Dataset entries:
┏━━
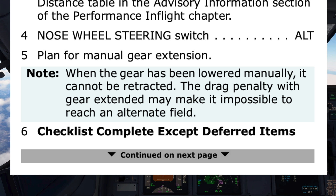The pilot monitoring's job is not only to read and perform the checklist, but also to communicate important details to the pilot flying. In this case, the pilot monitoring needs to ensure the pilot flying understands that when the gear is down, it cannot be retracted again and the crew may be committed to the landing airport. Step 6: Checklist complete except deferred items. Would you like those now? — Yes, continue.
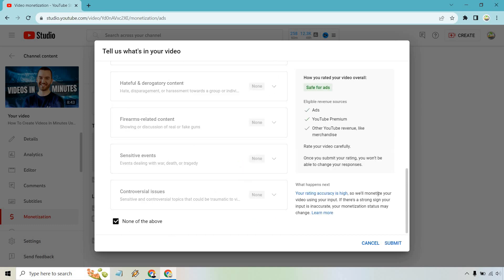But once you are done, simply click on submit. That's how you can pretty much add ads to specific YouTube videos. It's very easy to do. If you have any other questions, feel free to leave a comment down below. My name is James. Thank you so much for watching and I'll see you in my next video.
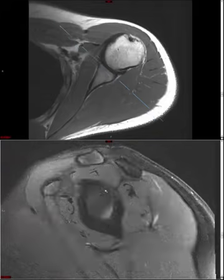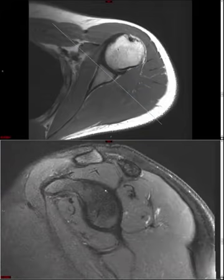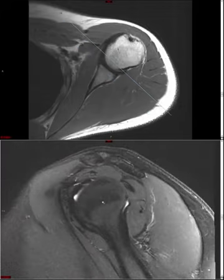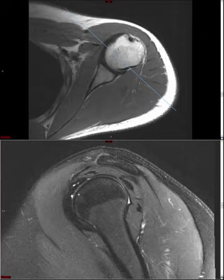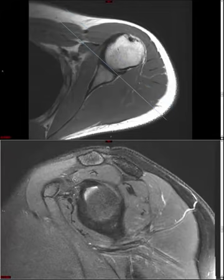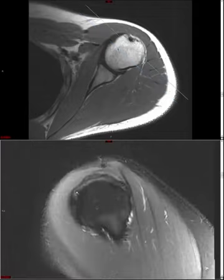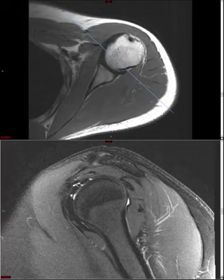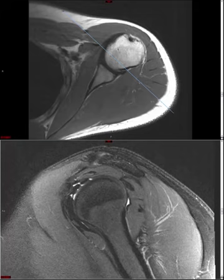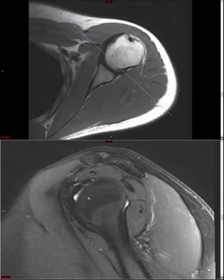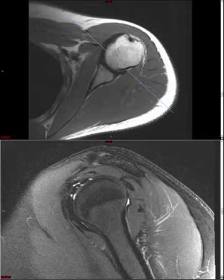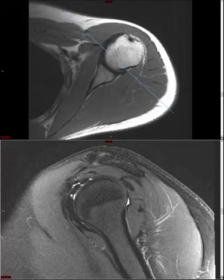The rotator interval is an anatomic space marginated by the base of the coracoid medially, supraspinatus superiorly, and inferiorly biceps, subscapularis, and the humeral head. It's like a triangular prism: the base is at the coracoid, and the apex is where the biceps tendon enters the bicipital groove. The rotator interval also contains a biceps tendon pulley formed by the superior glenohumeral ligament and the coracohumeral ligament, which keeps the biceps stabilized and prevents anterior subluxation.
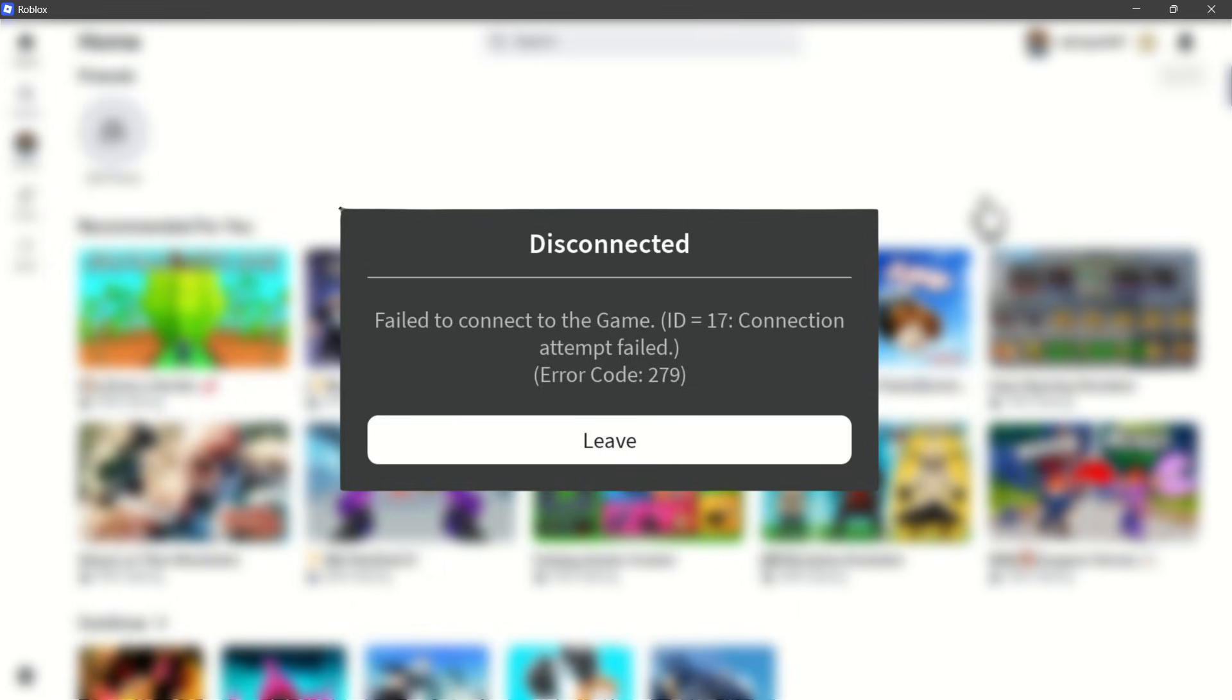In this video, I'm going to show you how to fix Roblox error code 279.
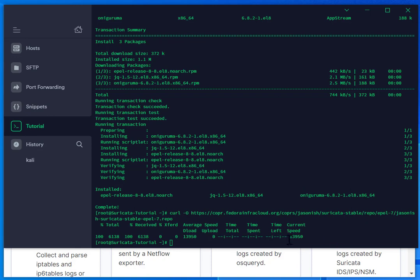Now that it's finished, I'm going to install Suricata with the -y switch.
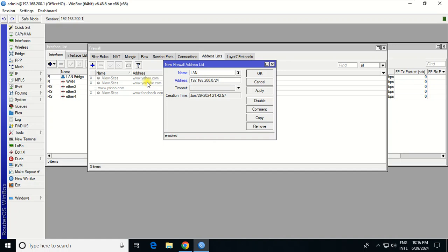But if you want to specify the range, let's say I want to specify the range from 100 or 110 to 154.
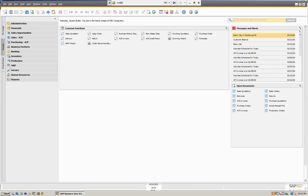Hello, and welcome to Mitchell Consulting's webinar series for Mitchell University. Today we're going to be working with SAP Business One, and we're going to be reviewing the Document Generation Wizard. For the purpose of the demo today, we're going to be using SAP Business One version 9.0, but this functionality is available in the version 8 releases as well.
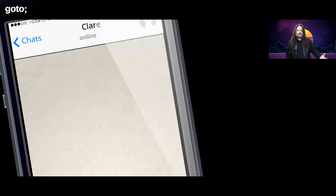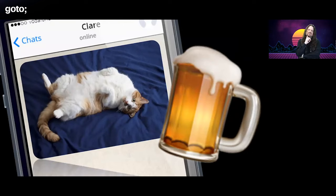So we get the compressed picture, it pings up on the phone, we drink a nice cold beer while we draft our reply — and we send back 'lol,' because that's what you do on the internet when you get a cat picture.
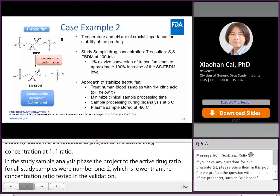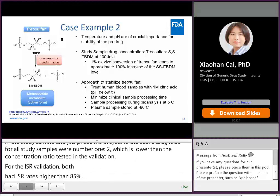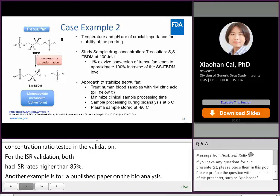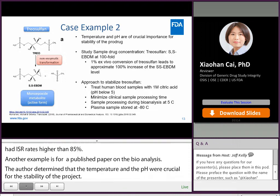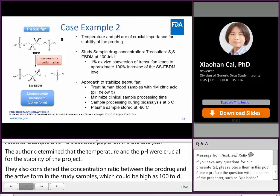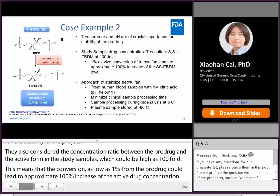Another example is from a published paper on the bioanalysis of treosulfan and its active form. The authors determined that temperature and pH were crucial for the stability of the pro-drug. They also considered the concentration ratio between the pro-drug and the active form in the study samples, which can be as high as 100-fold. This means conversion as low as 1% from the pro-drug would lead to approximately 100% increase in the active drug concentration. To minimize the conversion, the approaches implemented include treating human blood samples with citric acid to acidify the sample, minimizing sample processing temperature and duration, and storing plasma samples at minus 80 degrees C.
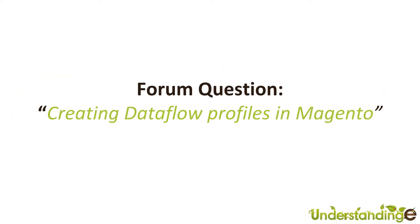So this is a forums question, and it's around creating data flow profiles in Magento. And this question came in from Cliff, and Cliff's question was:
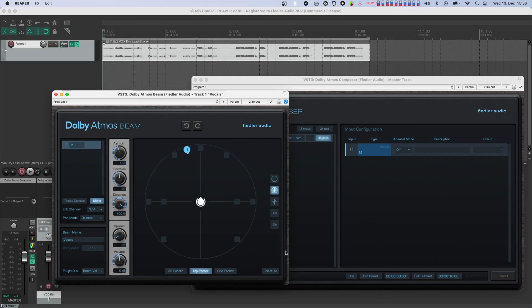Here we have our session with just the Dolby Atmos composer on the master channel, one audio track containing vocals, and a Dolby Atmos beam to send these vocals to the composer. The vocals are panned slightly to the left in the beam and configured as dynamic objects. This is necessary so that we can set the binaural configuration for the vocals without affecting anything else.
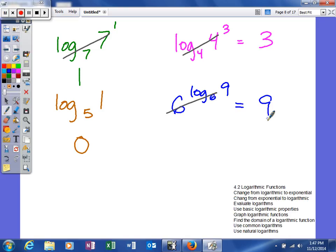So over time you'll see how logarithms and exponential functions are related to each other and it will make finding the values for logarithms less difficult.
┗━━
Try it | Only the lines from the start of the records to the line with "So we get the" belong in the copy. Print them exactly, minus pictures.

Result for this exercise |
The pilot monitoring's job is not only to read and perform the checklist, but also to communicate important details to the pilot flying. In this case, the pilot monitoring needs to ensure the pilot flying understands that when the gear is down, it cannot be retracted again and the crew may be committed to the landing airport. Step 6: Checklist complete except deferred items. Would you like those now? — Yes, continue.
But once you are done, simply click on submit. That's how you can pretty much add ads to specific YouTube videos. It's very easy to do. If you have any other questions, feel free to leave a comment down below. My name is James. Thank you so much for watching and I'll see you in my next video.
The rotator interval is an anatomic space marginated by the base of the coracoid medially, supraspinatus superiorly, and inferiorly biceps, subscapularis, and the humeral head. It's like a triangular prism: the base is at the coracoid, and the apex is where the biceps tendon enters the bicipital groove. The rotator interval also contains a biceps tendon pulley formed by the superior glenohumeral ligament and the coracohumeral ligament, which keeps the biceps stabilized and prevents anterior subluxation.
In this video, I'm going to show you how to fix Roblox error code 279.
Now that it's finished, I'm going to install Suricata with the -y switch.
But if you want to specify the range, let's say I want to specify the range from 100 or 110 to 154.
Hello, and welcome to Mitchell Consulting's webinar series for Mitchell University. Today we're going to be working with SAP Business One, and we're going to be reviewing the Document Generation Wizard. For the purpose of the demo today, we're going to be using SAP Business One version 9.0, but this functionality is available in the version 8 releases as well.
So we get the compressed picture, it pings up on the phone, we drink a nice cold beer while we draft our reply — and we send back 'lol,' because that's what you do on the internet when you get a cat picture.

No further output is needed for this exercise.